In these two photographs, pulled together because both have branches of one kind or another, the stories are just below the surface. I remember my grandmother’s hands carefully picking dried-on-the-vine raisins. She used the raisins to make something she called a Poor Man’s pound cake. I haven’t thought about that cake in years, but when I saw the grape stems, I immediately thought of her and that delicious cake. She served the cake to my grandfather and his two buddies, Mr. Butler and Jimmy Gorman, who stopped by for coffee and conversation most every morning. The second picture, taken at George Washington’s Birthplace in Westmoreland County, is connected by memories of my grandparents, too. My grandfather helped plant trees lining the road to the river. Every single time we visited this beach, my grandmother proudly re-told the story of my grandfather’s contribution to this beautiful place.

While these stories are unique to my growing up, they speak to the importance of those foundational years for children. Even though they are presented here as a simple diptych, they are a part of a larger body of work that I am building that deals with the healing and hope for those who grew up with emotional trauma. Those who reach adulthood with all of the external markers of success and yet feel their foundation crumbling. I didn’t realize this, didn’t set out to address this theme, but writing here . . . I can see that this is true.

 
 

One Picture/One Paragraph

I love looking at this habit tracker as I walk by my desk. It is a reminder of who I used to be and how very far I have come. There was a time when I made long lists of the ways I should improve. Ways to eat healthier, exercise more, sleep better, drink more water, and on and on. But things are different now. I don’t know if it’s my inner rebel showing her sassy self or if I have simply recognized the tragedy of a life lived with so many expectations and goals. But either way, the notepad of weekly chores with its little circles sits unchecked. This does not feel like failure. It feels like compassion. Life is often filled with home-cooked meals and long walks and creative activities and joyful movement and fulfilling relationships, all in their own time and space. There are boring, ordinary days. Days of rest to balance those of activity. Days to read all day or watch funny television shows. Days that I do not feel well. Days to celebrate. And days of sorrow over what may come. Tears of joy over every little thing. The days of the week are marked by humanity and wholeness.

My mother had a favorite saying. “In another life, I could have been . . .” She usually filled in the blank by saying she could have been a singer. Truthfully, she wasn’t a great singer but she put her whole heart into singing and she was lit from within whenever there was music. Of course, she was right in many ways. Singing was not a career that ever would have been available to her. She needed to earn money and working in the family restaurant business wasn’t just an offer, it was expected. No, really it was demanded. And so she spent her life cooking and serving food. It was a good life, but I always sensed that she felt she might have missed out on something. I get it. When I was student there were only a few options presented for work, specifically women’s work. No one ever opened a door to creative work or an artful life. I am ever grateful that I did not have to wait for “another life” to discover creative expression—photography and poetry and writing. And all of the many ways to behold life.
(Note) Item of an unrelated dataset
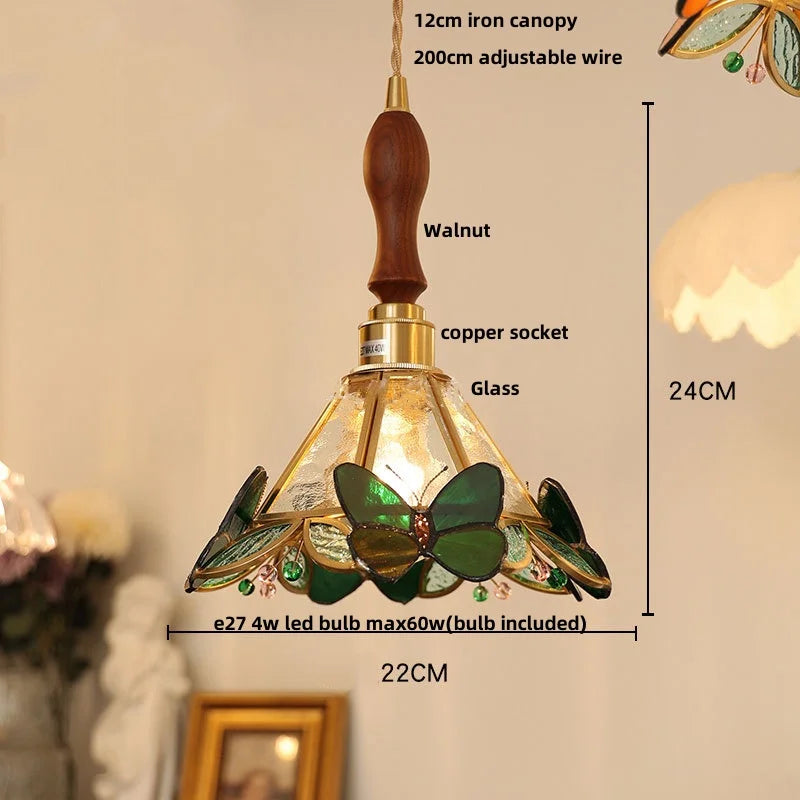 DecorBites™ Butterfly Pink LED Pendant Lamp Walnut Wood Glass Nordic Modern Home Decor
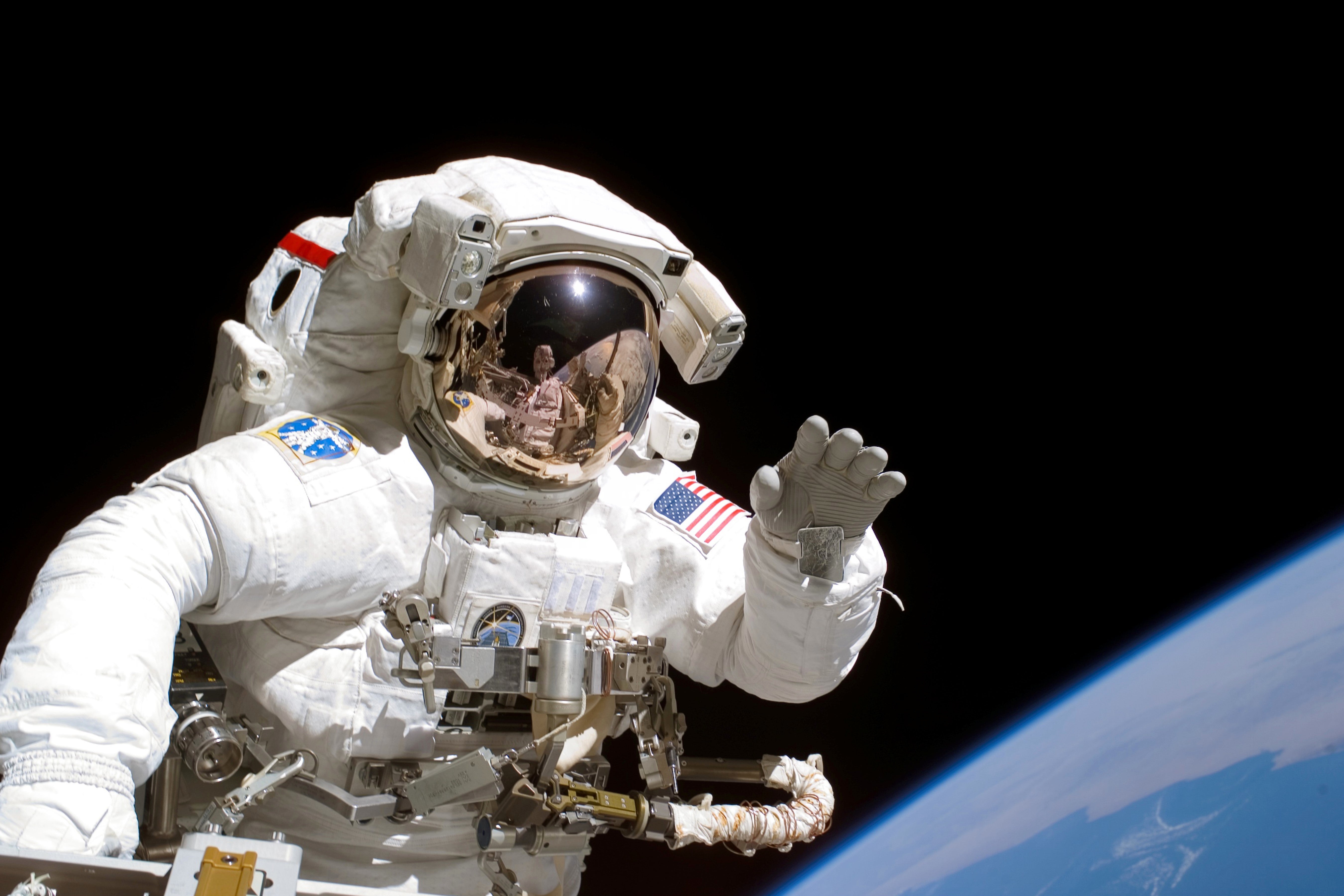 American astronaut Joseph Tanner on a space walk at the International Space Station in September 2006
Farm House | Olympus om-1, Kodak portra 400

I’ve been reading a beautiful essay, Navigating the Mysteries by Martin Shaw, in Emergence Magazine, Volume 3. There is so much to think on in his words.

“My petition is that we accept the challenge of uncertainty. As a matter of personal style. It’s the right thing to do. It’s what the Anglo-Saxons called ‘living in the bone-house.’ We get older, we find life is riven with weirdness. We should be weird, too. To know, tell, and create stories is a wondrous skill that keeps faith with the traditional and beauteous techniques our ancestors used when faced with the sudden mists and tripwires of living.”

Every picture is a story, a way of beholding the world. This what I love about photography.

The concluding lines of this essay inspire and uplift.

“What are we bored by, what needs to stay stay buried? What deserves to be re-imagined, re-seeded, re-beheld?
That’s where the joyful work is. I’m handing you a spade.
This a moment of unexpected possibility.”